Reputation: 982
I'm scraping some average salary data to make infographics from a list of jobs. If the job can be found, like "programmer", then it gives me a code 200 and the page I go to is the same in the script.
import requests
job_url: str = "https://www.ziprecruiter.com/Salaries/What-Is-the-Average-Programmer-Salary-by-State"
job_response = requests.get(job_url, timeout=10)
print(job_response)
If it fails like below for "Youtuber", I want to display an error message to the user. But, I still get a code 200. Manually trying this, their site redirects me to a page like "https://www.ziprecruiter.com/Salaries/What-Is-the-Average-Youtuber-Salary-by-State?ind=null"
null_url: str = "https://www.ziprecruiter.com/Salaries/What-Is-the-Average-Youtuber-Salary-by-State"
null_response = requests.get(null_url, timeout=10)
How can I in code figure out if the query is redirecting to an empty page? Do I need to use another library?
Upvotes: 0
Views: 47
Reputation: 12265
You can disable redirection and check the response:
null_url = "https://www.ziprecruiter.com/Salaries/What-Is-the-Average-Youtuber-Salary-by-State"

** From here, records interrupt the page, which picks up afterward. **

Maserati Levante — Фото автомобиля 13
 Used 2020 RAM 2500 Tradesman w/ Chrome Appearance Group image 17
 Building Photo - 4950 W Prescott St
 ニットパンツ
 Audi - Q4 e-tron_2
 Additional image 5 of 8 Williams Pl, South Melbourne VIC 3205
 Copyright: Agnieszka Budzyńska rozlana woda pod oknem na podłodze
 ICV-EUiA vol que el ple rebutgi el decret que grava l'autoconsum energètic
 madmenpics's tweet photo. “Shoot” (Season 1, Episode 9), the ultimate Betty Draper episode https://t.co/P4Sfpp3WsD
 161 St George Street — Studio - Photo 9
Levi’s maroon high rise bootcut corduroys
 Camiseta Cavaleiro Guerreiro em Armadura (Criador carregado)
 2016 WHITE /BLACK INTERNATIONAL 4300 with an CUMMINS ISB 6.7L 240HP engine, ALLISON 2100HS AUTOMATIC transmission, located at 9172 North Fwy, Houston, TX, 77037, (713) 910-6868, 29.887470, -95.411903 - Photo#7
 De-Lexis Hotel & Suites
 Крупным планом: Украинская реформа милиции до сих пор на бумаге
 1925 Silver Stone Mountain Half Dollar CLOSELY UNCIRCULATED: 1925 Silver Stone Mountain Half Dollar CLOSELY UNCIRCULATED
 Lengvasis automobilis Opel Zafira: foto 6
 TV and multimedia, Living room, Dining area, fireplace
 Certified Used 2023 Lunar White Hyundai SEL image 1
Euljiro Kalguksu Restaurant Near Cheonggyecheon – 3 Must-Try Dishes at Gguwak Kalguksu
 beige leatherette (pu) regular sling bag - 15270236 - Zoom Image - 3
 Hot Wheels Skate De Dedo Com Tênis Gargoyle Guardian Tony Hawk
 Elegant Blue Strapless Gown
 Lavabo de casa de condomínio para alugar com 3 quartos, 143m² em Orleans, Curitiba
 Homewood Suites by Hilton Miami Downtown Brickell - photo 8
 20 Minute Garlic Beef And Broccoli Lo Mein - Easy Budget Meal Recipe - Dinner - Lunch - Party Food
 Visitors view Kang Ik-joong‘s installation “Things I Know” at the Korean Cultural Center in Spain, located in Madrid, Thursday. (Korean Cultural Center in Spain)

null_response = requests.get(null_url, timeout=10, allow_redirects=False)
if null_response.status_code == 301:
print("Not found")
if "Moved Permanently" in null_response.text:
print("Not found")
if "ind=null" in null_response.next.url:
print("Not found")
Or with redirections:
null_url = "https://www.ziprecruiter.com/Salaries/What-Is-the-Average-Youtuber-Salary-by-State"
null_response = requests.get(null_url, timeout=10)
if "ind=null" in null_response.url:
print("Not found")
if null_response.history[0].status_code == 301:
print("Not found")
Upvotes: 2